Advertising.com buys advertising space from Web sites and search engines and packages it up for clients wanting to reach certain demographics. The company then sells to advertisers on a performance basis, which means they pay only according to the volume of responses or leads.
The online advertising market collapsed after the peak of the dotcom frenzy in 2000, leading many to question whether the advertising-based model was viable.
The market has been showing signs of life as marketing managers begin to redirect cash towards online advertising. Media buyer Universal McCann recently forecast that Internet advertising would grow by 20 per cent this year to $6.8bn in the US, making it the fastest growing medium.

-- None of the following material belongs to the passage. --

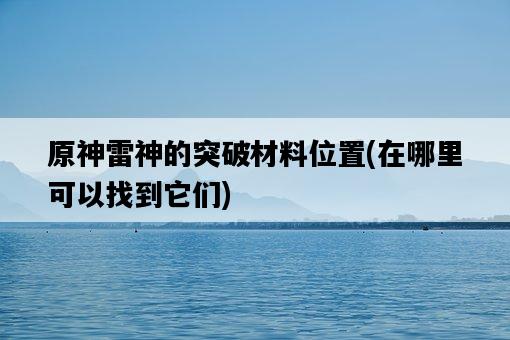 原神雷神的突破材料位置，在哪里可以找到它們-圖1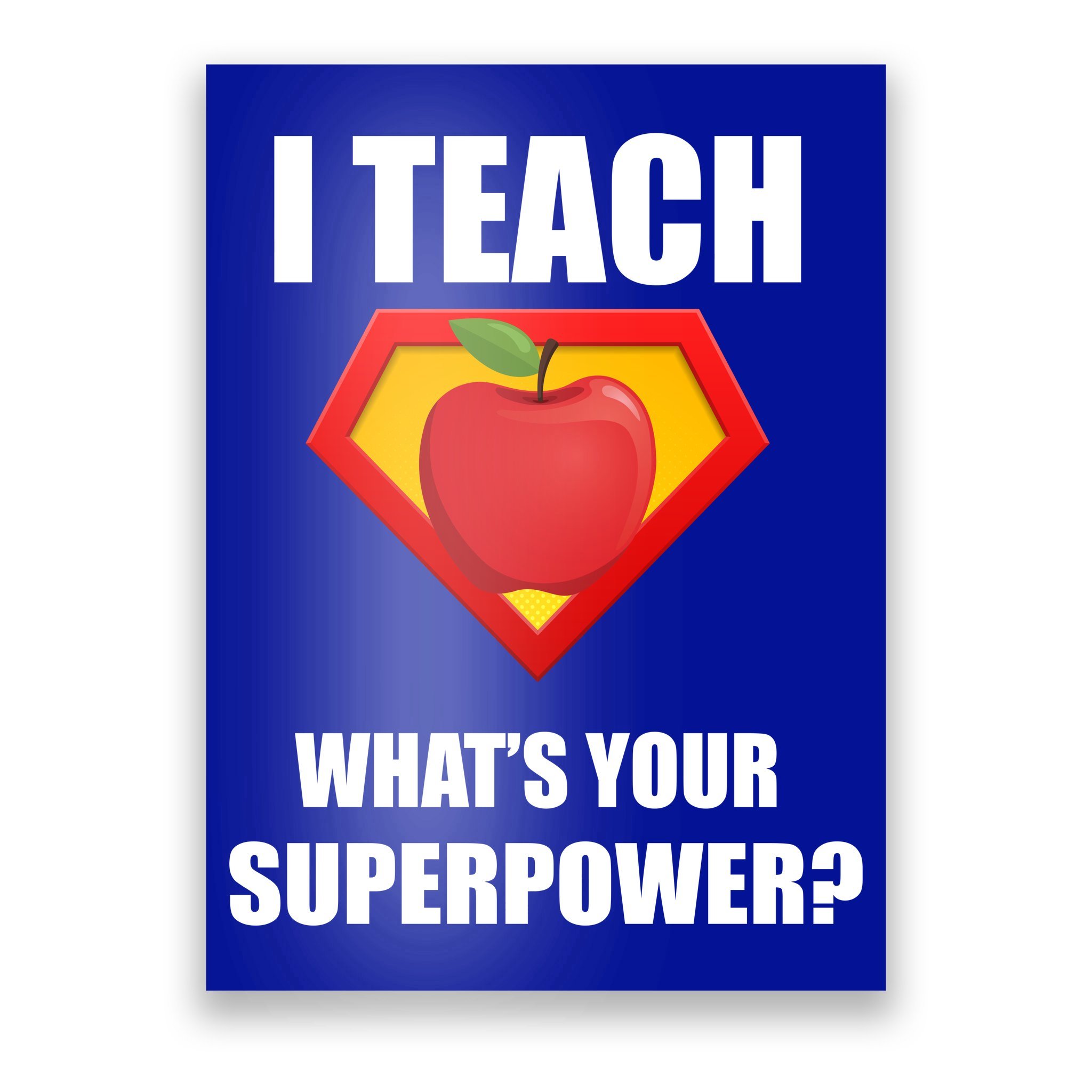 I Teach What's Your Superpower? Poster/Sign/Printable ~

"Online advertising is back," said AOL Chief Executive Mr Jonathan Miller on Thursday. "Over the past two years we have seen a rebirth of online advertising. Major advertisers are coming more and more to the web and spending more and more of their marketing money online."
In the first quarter of this year, AOL recorded advertising revenues of $214 million. The figure was down 5 per cent on the same quarter a year earlier, but AOL has now recorded two successive quarters of back-to-back growth.
In the fourth quarter of 2003, it had revenues of $204 million. The performance is still far from the peak of 2000 when AOL was posting advertising sales of $700 million a quarter.
The company is working through some of the deals signed by big name advertisers during the boom. It needs to sell a couple of hundred million dollars of advertising this year just to replace long-term contracts coming to an end.